The term “Internal Audit" (IA) is considered as villain by many of us. Even in the best of conditions, most people find that monitoring their processes is unsettling or challenging. Knowing the internal audit function, knowing what to predict during internal audits and knowing feasible perils to prevent contributes to making your trip much more convenient and beneficial.





As per the institute of internal auditors, IA is defined as “an independent, objective, assurance and consulting activity, designed to add value and improve an organization’s operations. It helps an organization accomplish its objective by bringing a systematic, disciplined approach to evaluate and improve the effectiveness of risk management, control and governance processes”

Internal Audit is a department inside the company itself. With the word ‘internal’ layman can understand this. The team is assigned to impart even-handed, standalone reviews of the whole organization or the company. The internal auditors are the employees of the company. The Internal Auditors perform the audit and they crosscheck all the parameters in detail that is applicable for the company. They are the watchdogs of the company. This facilitates the board of directors or responsible senior management the exact position of the organization with reference to compliances.




The main objective of appointing internal auditors is to spot out the deviations from the desired results before it reaches any regulators, stakeholders or external auditors. With this process, the deviation can be made good. Thus it becomes an integral part of the organization and ameliorates the company to be compliant in all ways.


 The apex body for the internal audit is Institute of Internal Auditors (IIA). It is an internationally recognized body.  Any aspirants, who want to be certified member of IIA, have to apply and go through a written examination.



We have to select the internal audit team.
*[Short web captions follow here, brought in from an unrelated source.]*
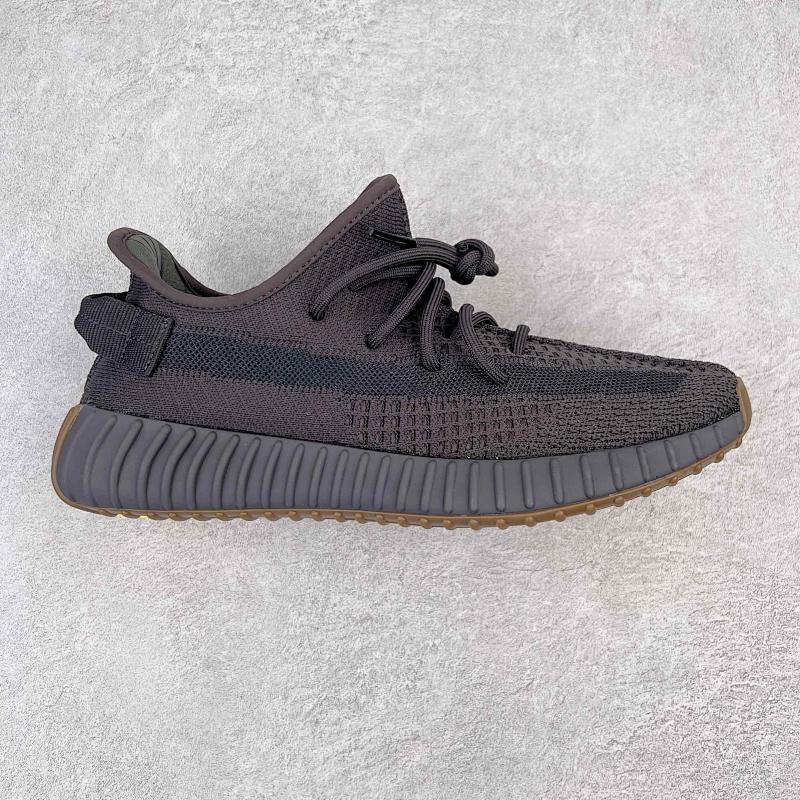 YEEZY 350 (2)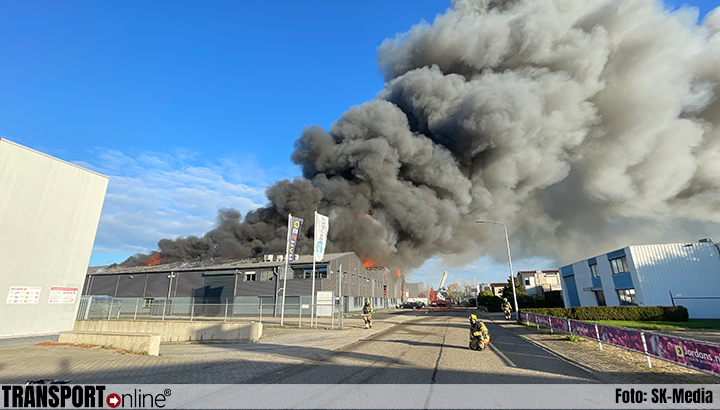Grote brand op industrieterrein in Beugen [+foto]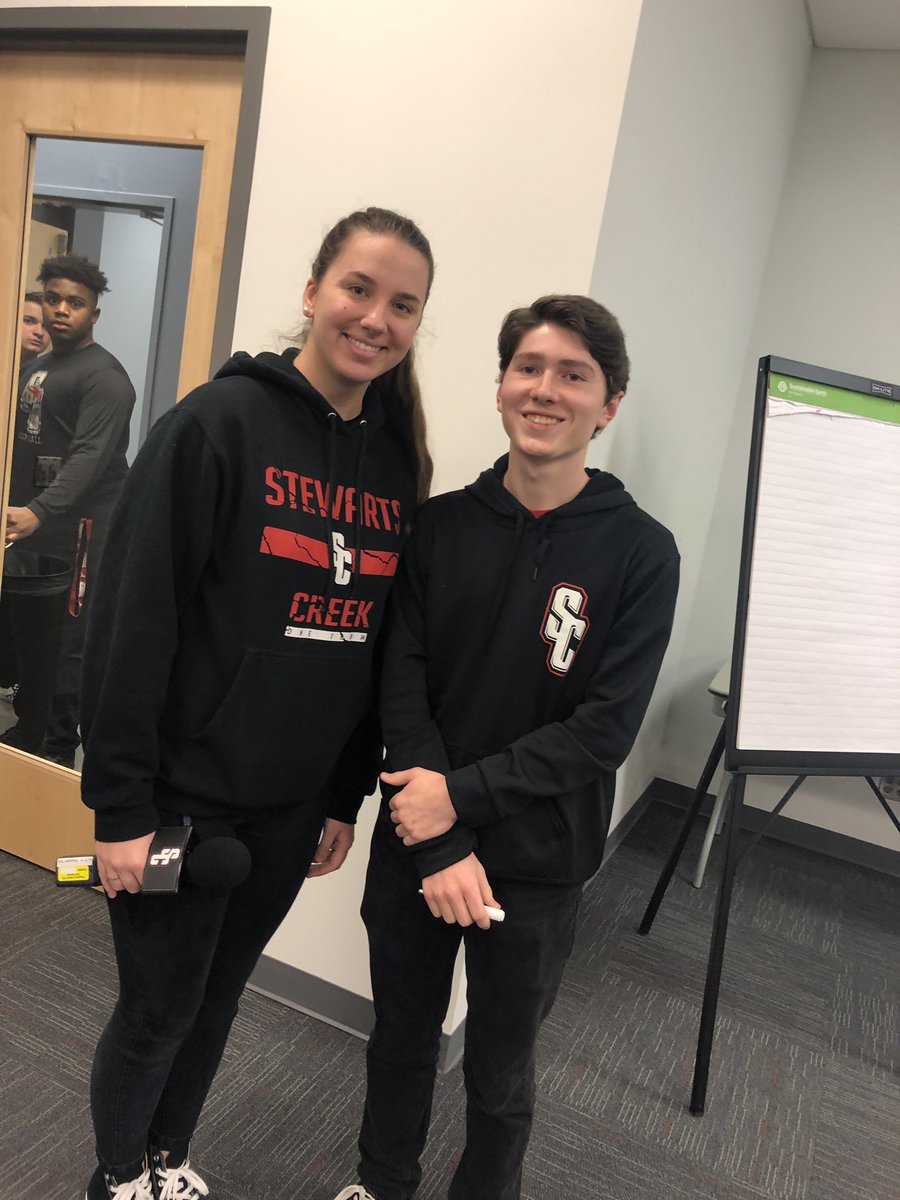 AnnHaley_RCS's tweet photo. Big shout out to Stewarts Creek High School Audio Production Program for helping make the first competition of the Rutherford County Amazing Shake a great success!  #RCSdifferencemakers @rucoschools @rucochamber @stewartscreekhs @TheCreekVideo https://t.co/KSq6Aoqy2J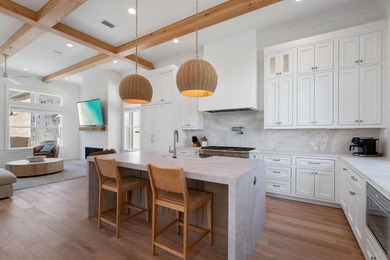 Elegantly appointed and recently built custom Gulf View home on - photo 25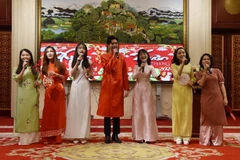 Lưu học sinh Việt Nam tại Trung Quốc biểu diễn văn nghệ. (Ảnh: Thành Dương/TTXVN)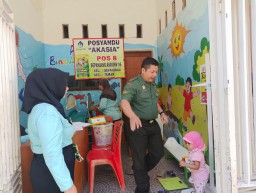 Sentuhan Kasih di Posyandu Akasia: Babinsa Sepanjang Dampingi PIN Polio Tahap II Demi Generasi Sehat dan Bebas Penyakit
There should be a well prepared audit plan.

Set a desired goal.

Analyze the current scenario.

Compare the current with the desired goal.

Evaluate the difference.

Report the findings and recommendations to the senior management.

Take corrective action.

Follow-up at regular intervals

Evaluate the situation after corrective action






Once the auditor completes the audit he has to prepare a detailed report of the audit process done.

The report should contain 5 Cs:



They are:

Condition – The grey areas identified.

Criteria – Where did the deviation take place?
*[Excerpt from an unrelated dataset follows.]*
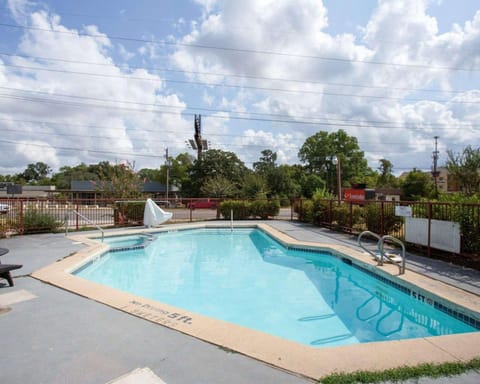 Knights Inn College Station Motel in College Station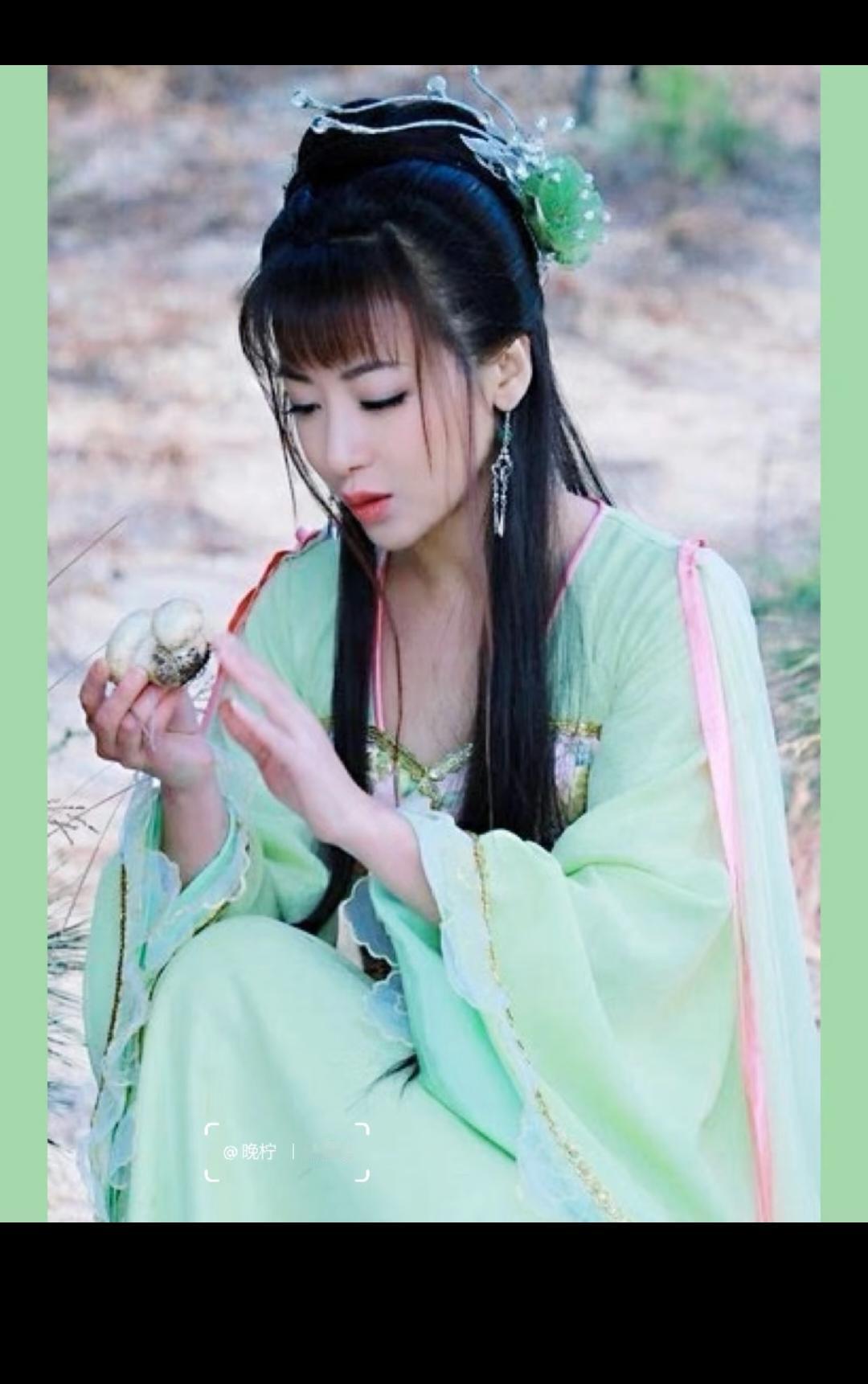 她一直很美，可为啥一直都是千年老二！
有种生不逢时的感觉吧！
但是演员想要大火估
Cause – Reason for the deviation.

Consequence – What is the upshot of the deviation found?

Corrective Action – How the company should make good the digression.
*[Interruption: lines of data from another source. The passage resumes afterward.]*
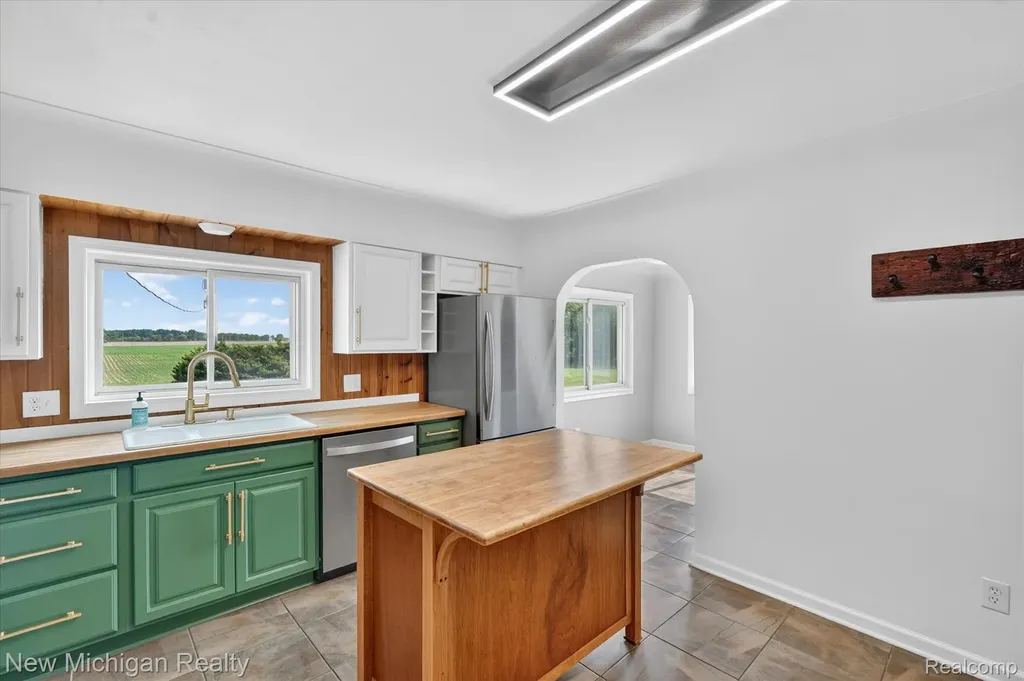 11374 Lahring Road Argentine Township MI 48418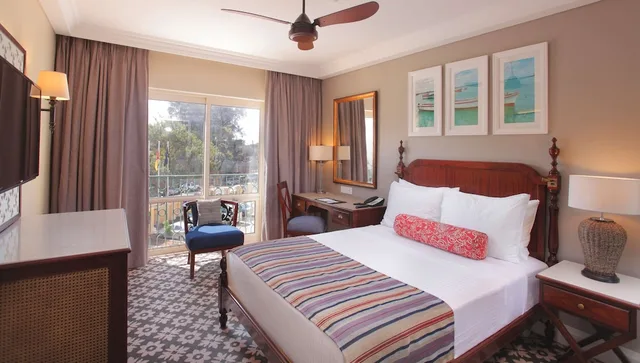 Standard, 2 Double Beds, Southern Sun Maputo 3/5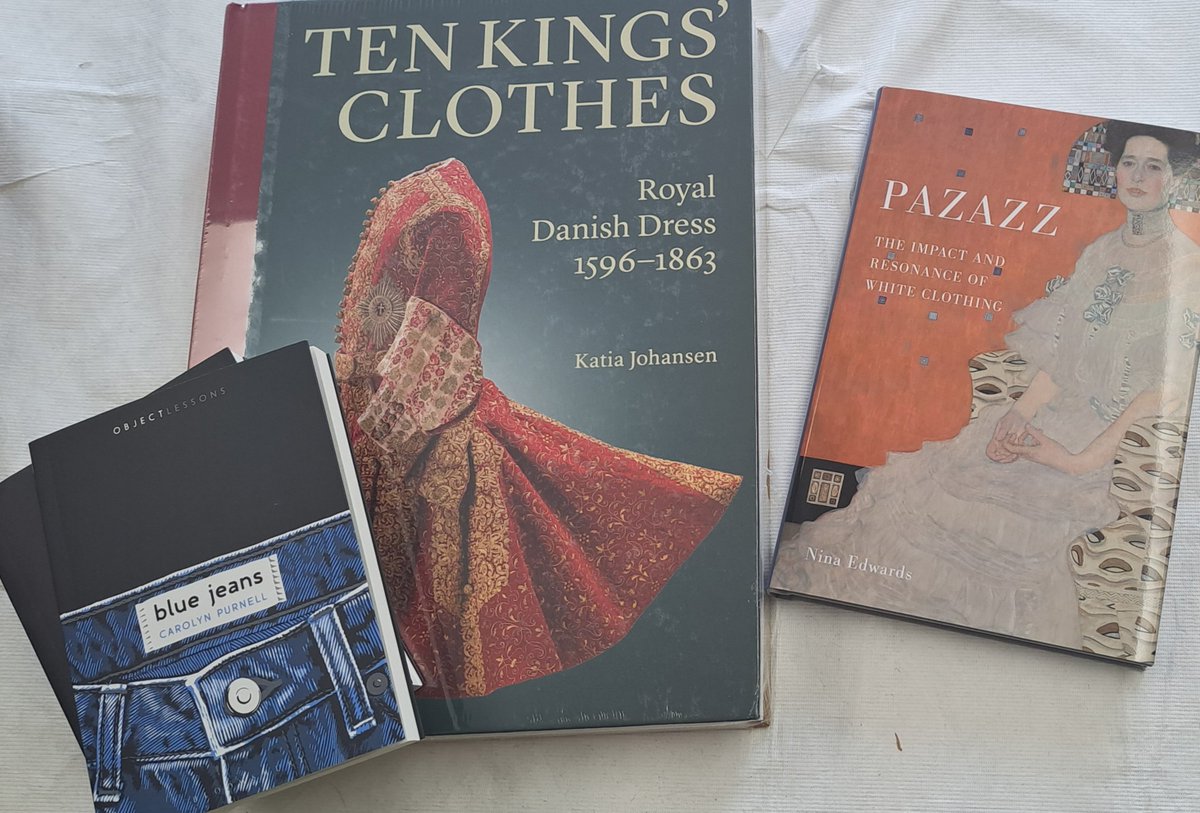 Calling all @DressHistorians members! I have a lovely long list of new books to review. If you'd like to submit a proposal, please contact me via books@dresshistorians.org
As internal audit report is an integral part of decision making, the report should enable the management to understand the depth of the matter. It has to adhere to the below mentioned qualities.








There are many types of internal audit; few of them are enumerated below:


Compliance Audit: Here the internal auditors crosschecks whether the company complies with all the norms enlisted by the regulators wherever applicable.


Example: Compliance of Companies Act, 2013; RBI Act 1935, Labour laws, Factory Act etc.


Environmental Audit: Here the auditor analyzes how the company effects the environment. There are various environmental laws and regulations to be complied with.


Information Technology Audit: Here the auditor audits the information system, data security, firewall, backup, recovery etc.


Production or manufacturing or quality audit: Here auditor checks the process and ensures that the quality standards are maintained.


Accomplishment or Performance Audit: Here the audit checks whether the company complies with the internal set out policies and procedures.



Thus, from the above write-up we have learned what is internal audit, the process, types etc.  It is very crucial for all companies to have their internal audit done. It helps the company to get an insight, increase their efficiency, evaluate, assess and comply. It enables to attract the stakeholders. A company without internal audit is like playing cricket without keeping the scores.